The input START

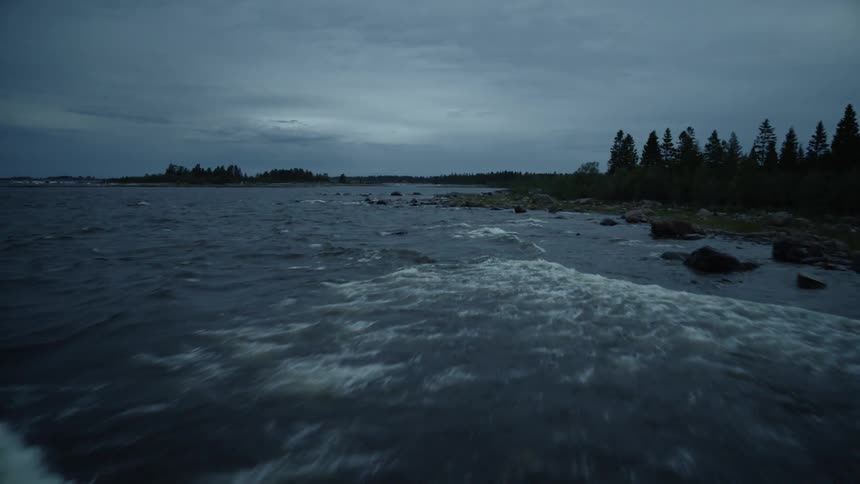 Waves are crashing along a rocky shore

The input END
The input START

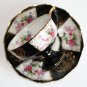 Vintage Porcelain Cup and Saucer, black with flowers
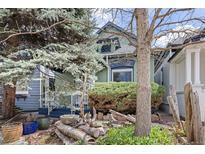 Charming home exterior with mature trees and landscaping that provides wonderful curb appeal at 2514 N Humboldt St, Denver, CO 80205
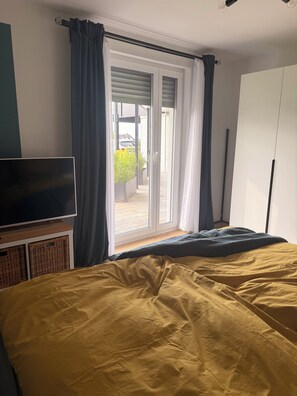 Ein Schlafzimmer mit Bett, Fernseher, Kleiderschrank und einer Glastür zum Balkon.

The input END
The input START

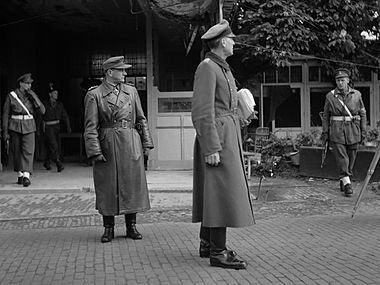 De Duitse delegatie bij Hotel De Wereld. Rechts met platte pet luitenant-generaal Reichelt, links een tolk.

The input END

*Work required*
For this exercise, please set down exactly the lines of the listing above from the line with "Vintage Porcelain Cup" up to and including the line with "Ein Schlafzimmer mit", and no pictures.

*Completed task*
 Vintage Porcelain Cup and Saucer, black with flowers
 Charming home exterior with mature trees and landscaping that provides wonderful curb appeal at 2514 N Humboldt St, Denver, CO 80205
 Ein Schlafzimmer mit Bett, Fernseher, Kleiderschrank und einer Glastür zum Balkon.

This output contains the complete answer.